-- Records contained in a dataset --
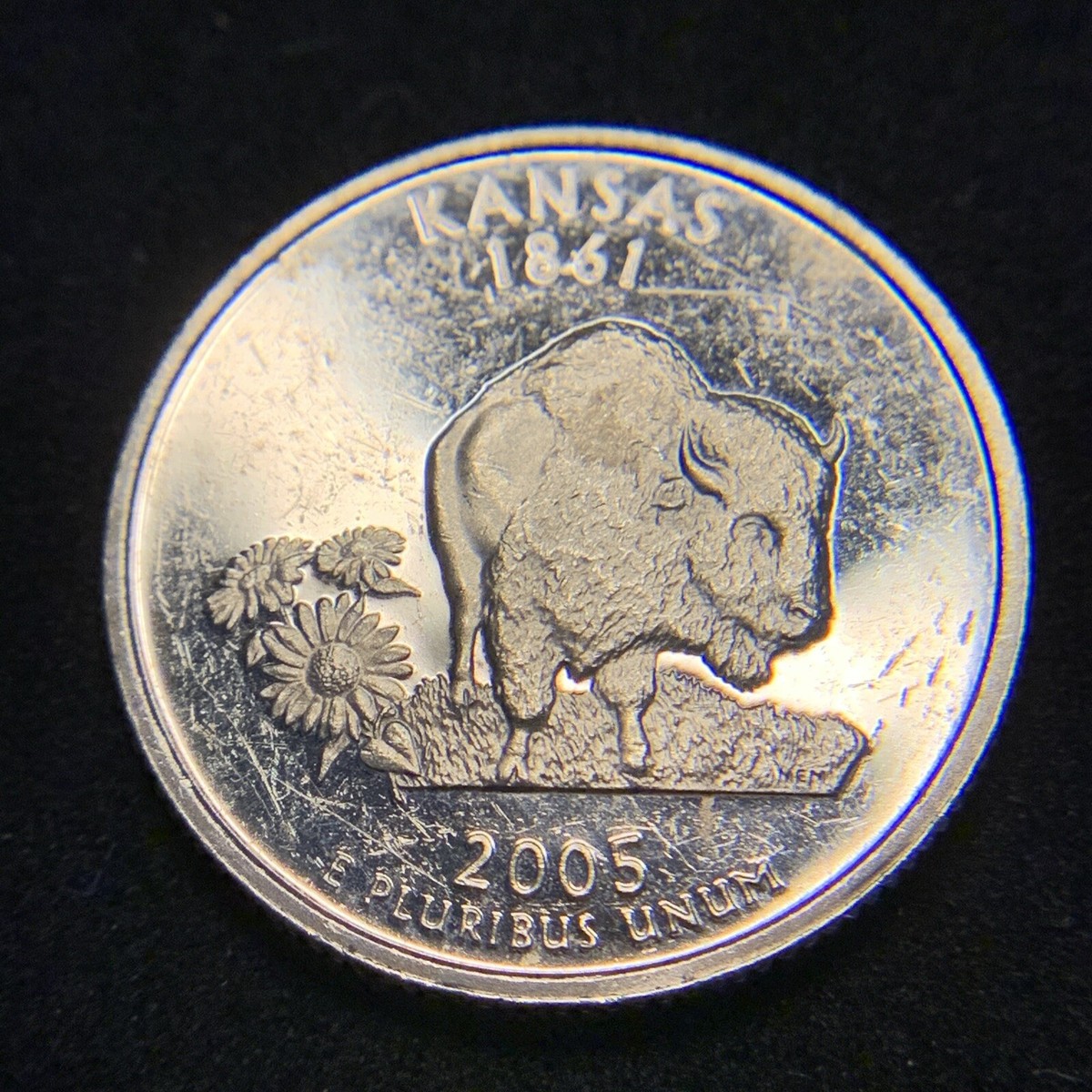 PROOF-2005 “S” Kansas US 25c Washington State Quarter! | eBay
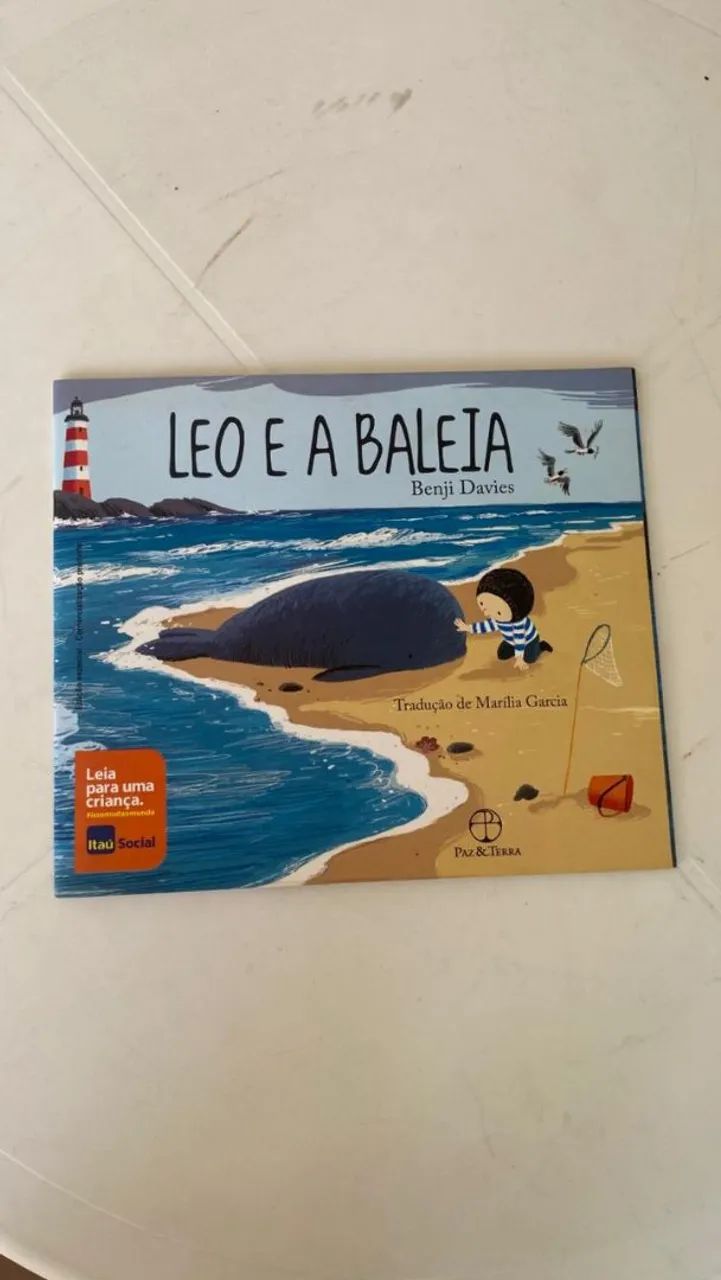 Livro - Léo e a Baleia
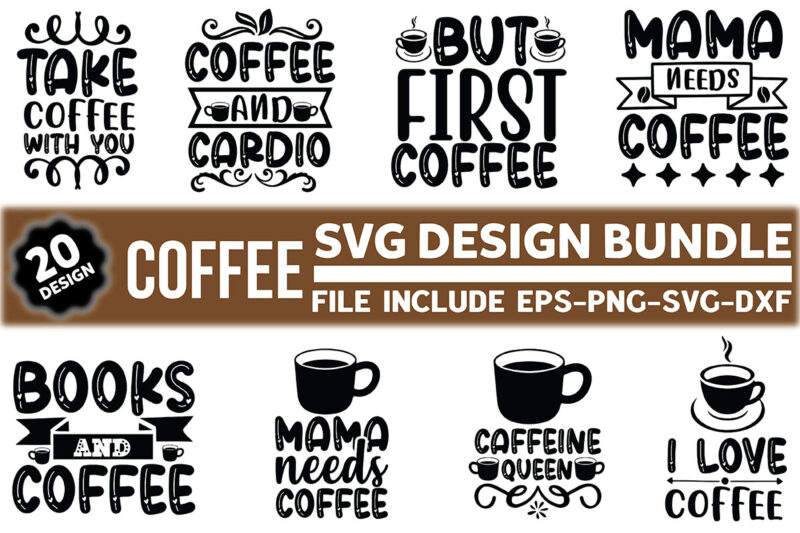 Coffee Cup Svg,coffee Cup Bundle,coffee Svg,coffee Cup Clipart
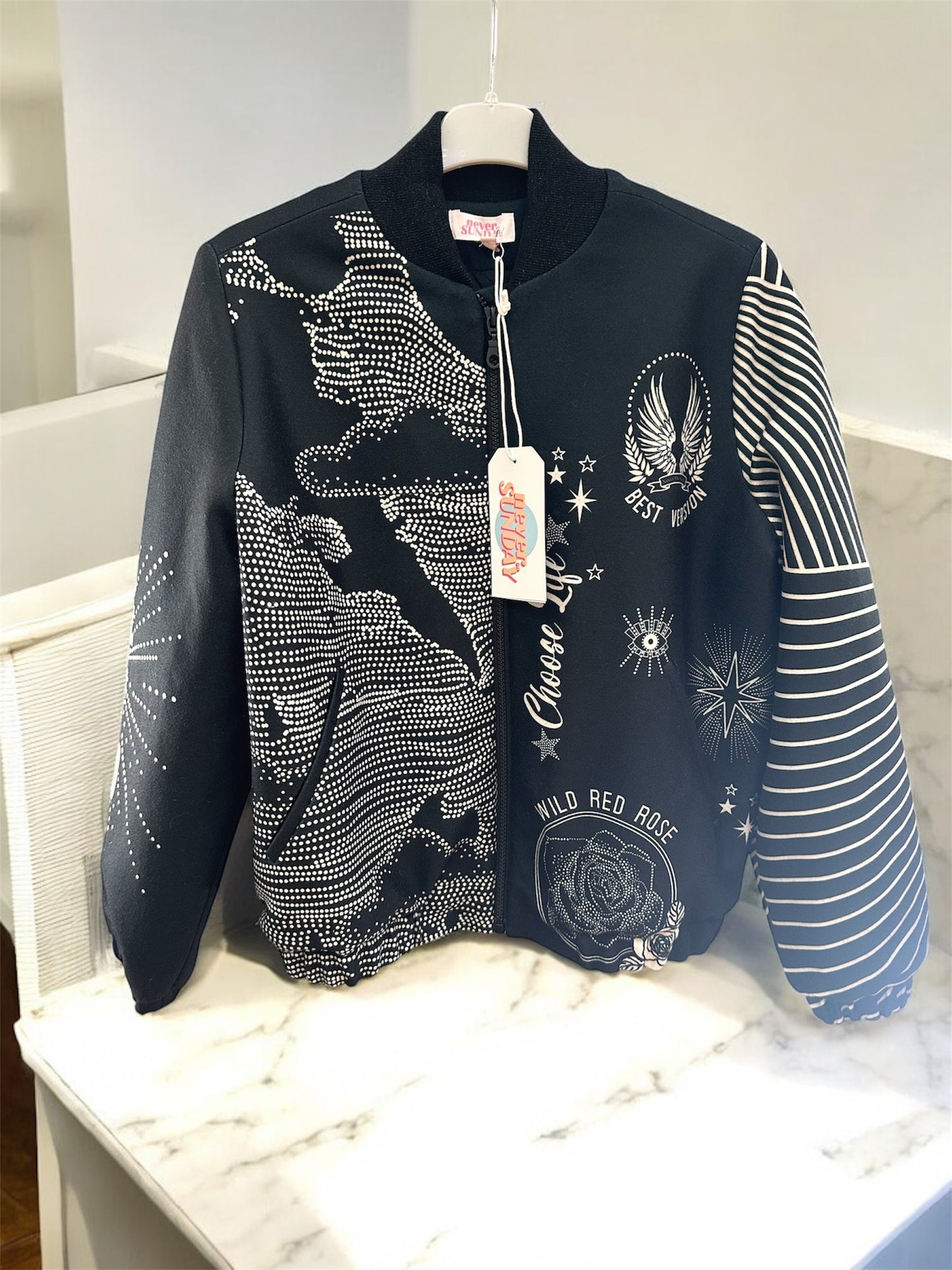 Never on Sunday LICORNE JACKET Statement Pegasus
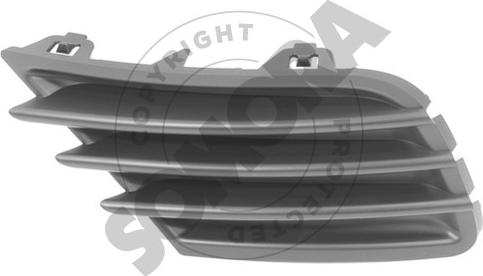 Somora 221526BR - Grila ventilatie, bara protectie aaoparts.ro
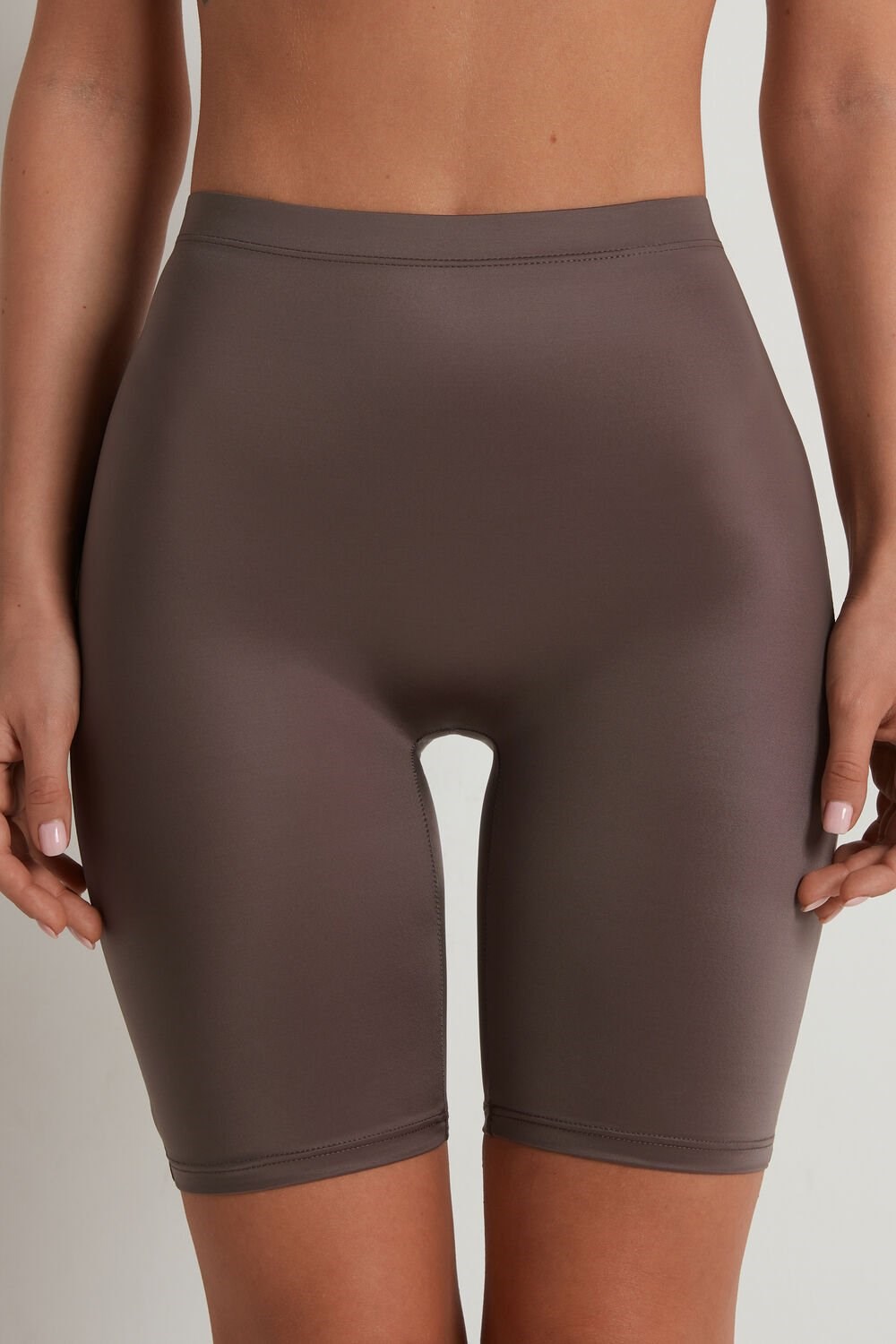 Brown Almond 808v Tezenis Ultralight Shaping Cycling Shorts | 853290-YZL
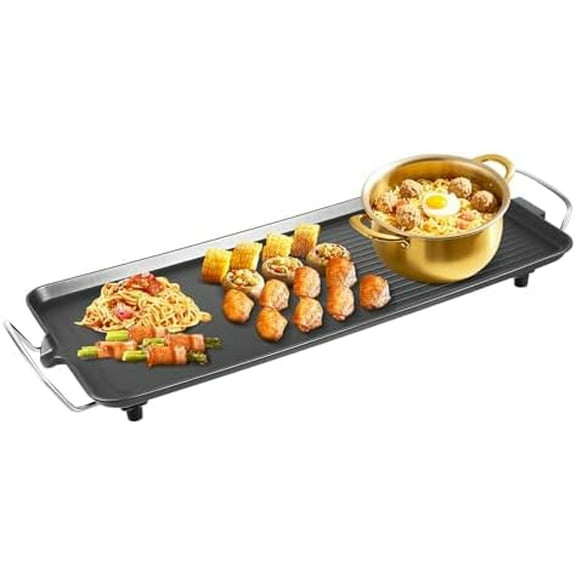 Outdoor Barbecue Grill,Electric Grill With 26.77 * 11.02in Large Grilling Area,Barbecue Grill For Outdoor Camping Backyard With Five Temperature Adjustment For Travel,Picnic$$Garden &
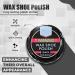 2 x Black Wax Shoe Polish 2 x Brown Wax Shoe Polish 50ML | Pack of 2 Each Water Resistant High Quality Smooth Shiny Polish Protection and Nourishing Shoe Care Cream Traditional Tin for Leather Shoes - Buy Online on GoSupps.com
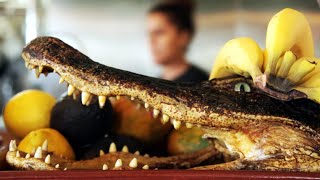 Уличная еда Таиланда в Паттайе ✔ мокашницы, кафе и торговцы жаренными крокодилами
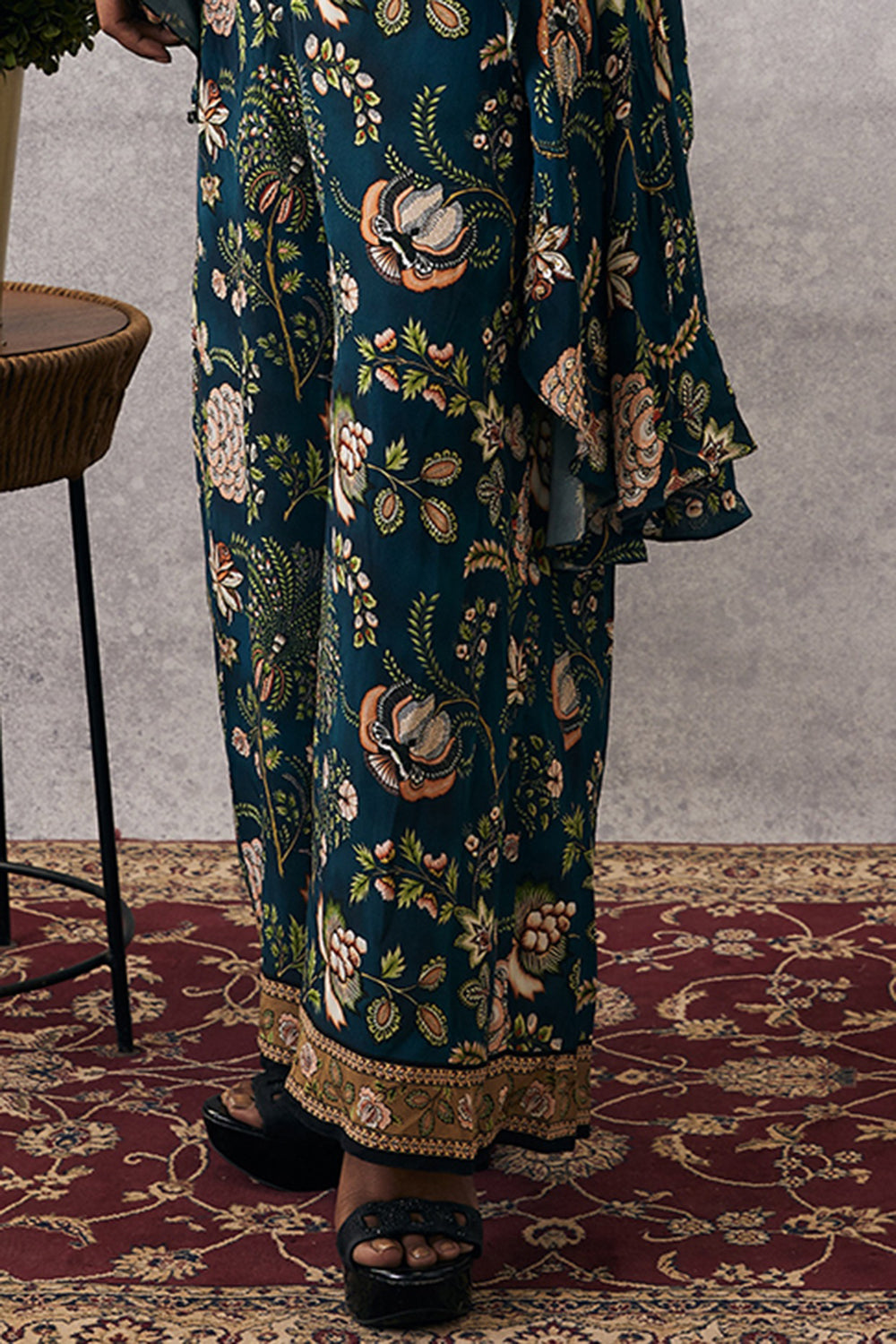 Mehr Embroidered Asymmetric Co-Ord Set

-- EXERCISE --
Give back exactly the lines from the line with "Never on Sunday" through the end of the records, both included; keep all pictures out.

-- YOUR RESPONSE --
 Never on Sunday LICORNE JACKET Statement Pegasus
 Somora 221526BR - Grila ventilatie, bara protectie aaoparts.ro
 Brown Almond 808v Tezenis Ultralight Shaping Cycling Shorts | 853290-YZL
 Outdoor Barbecue Grill,Electric Grill With 26.77 * 11.02in Large Grilling Area,Barbecue Grill For Outdoor Camping Backyard With Five Temperature Adjustment For Travel,Picnic$$Garden &
 2 x Black Wax Shoe Polish 2 x Brown Wax Shoe Polish 50ML | Pack of 2 Each Water Resistant High Quality Smooth Shiny Polish Protection and Nourishing Shoe Care Cream Traditional Tin for Leather Shoes - Buy Online on GoSupps.com
 Уличная еда Таиланда в Паттайе ✔ мокашницы, кафе и торговцы жаренными крокодилами
 Mehr Embroidered Asymmetric Co-Ord Set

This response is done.